Qui peut mieux dénoncer cet assassin, que les créditistes qui connaissent parfaitement son ob­jectif et sa technique ?

À remarquer aussi que, chaque fois que le gou­vernement provincial rogne ainsi des droits muni­cipaux, à cause, dit-il, d'une administration finan­cière défectueuse, l'opération se fait en blâmant les hommes qui avaient la confiance de leurs con­citoyens — jamais en blâmant les contrôleurs de l'argent, qui rendent les piastres rares et l'adminis­tration impossible.

Les conseils créditistes auront là un service à rendre. Comme administrateurs, ils ne seront ni meilleurs ni pires que les autres ; mais, le cas advenant, ils sauront qui blâmer et le faire avec toute la force de la voix autorisée d'une corporation d'êtres intelligents et renseignés.

Les corporations sont, en général, régies par le Code Municipal. On ne peut parcourir ce volume sans être drôlement édifié de voir comment on fait consister toute administration à savoir extraire des piastres de la poche des contribuables.

Tout au long, aussi, l'importance est bien plus donnée à la fortune, à la propriété au moins, qu'aux personnes.

Exemple — Pour être éligible aux fonctions de maire ou de conseiller, trois conditions :

1° Être du sexe masculin. Cela veut dire à peu près la moitié des têtes intelligentes qui constituent la corporation.

2° Savoir lire et écrire, quand bien même ce ne serait pas très couramment ni très lisiblement. Dans notre pays, Dieu merci, cela n'exclut pas beaucoup de personnes aujourd'hui.

3° Posséder une propriété foncière, libre d'hy­pothèques pour au moins une valeur de $300 (dans les villes, le chiffre est plus élevé).

Ce 3° est le grand éliminateur, au moins dans les villes, où les conditions économiques, que les gou­vernements respectent scrupuleusement, diminuent de plus en plus le nombre de propriétaires, et où les propriétaires qui tiennent sont souvent ceux qui bénéficient le plus du système.

Des hommes de talent, de vision, de dévoue­ment, des hommes qui entraînent leurs concitoyens dans l'étude de la chose publique, se trouvent ex­clus des charges municipales. Ils ont le talent et la vertu, mais ils n'ont pas la piastre : au rancart ! D'autres n'ont ni talent ni vertu, mais ils ont la piastre : éligibles !

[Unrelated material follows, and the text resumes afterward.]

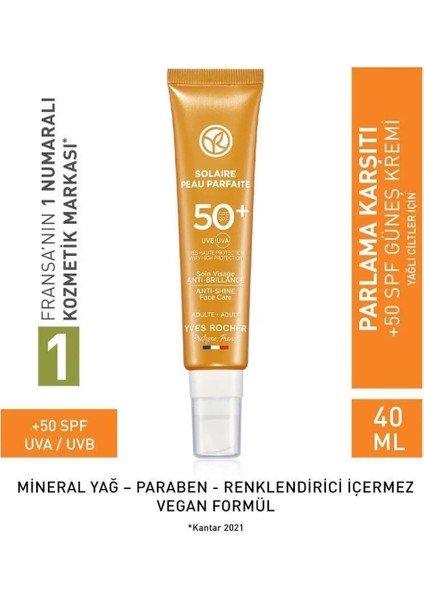 Yüz Güneş Kremi - Spf 50+ - Parlama Karşıtı / Solaire Peau Parfaite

Quelles que soient les bonnes intentions qui ins­pirèrent ces règlements, et si justifiés qu'ils aient pu être à l'origine, nous constatons qu'aujourd'hui, dans les villes au moins, ils créent une situation monstrueuse. Tout régime qui donne plus de poids à la piastre qu'à l'homme est, à notre avis, un régi­me monstrueux.

N'en déplaise au rédacteur de La Frontière, nous croyons qu'il est grand temps que les créditistes profitent du peu de possibilités qui leur restent, pour mettre les pieds dans les administrations mu­nicipales et réclamer, d'une voix autorisée, un régi­me moins valet de la piastre et plus respectueux des valeurs humaines.

*    *

Que les créditistes réussissent ou ne réussissent pas, ou qu'ils ne rencontrent qu'un succès partiel, dans leur action municipale du 1er février pro­chain, ils continueront de se fortifier et de grossir leur arsenal.

Le rédacteur de La Frontière a raison de dire que les citoyens choisissent leurs officiers municipaux en raison de la confiance qu'ils ont en eux. C'est justement ce qui porte des créditistes à se chercher des officiers municipaux créditistes. C'est aussi ce qui les portera à entrer dans les commissions sco­laires. Mais c'est un autre chapitre qu'il faudra écrire sur cet autre domaine. Nous y viendrons, comme nous reviendrons sur les affaires munici­pales.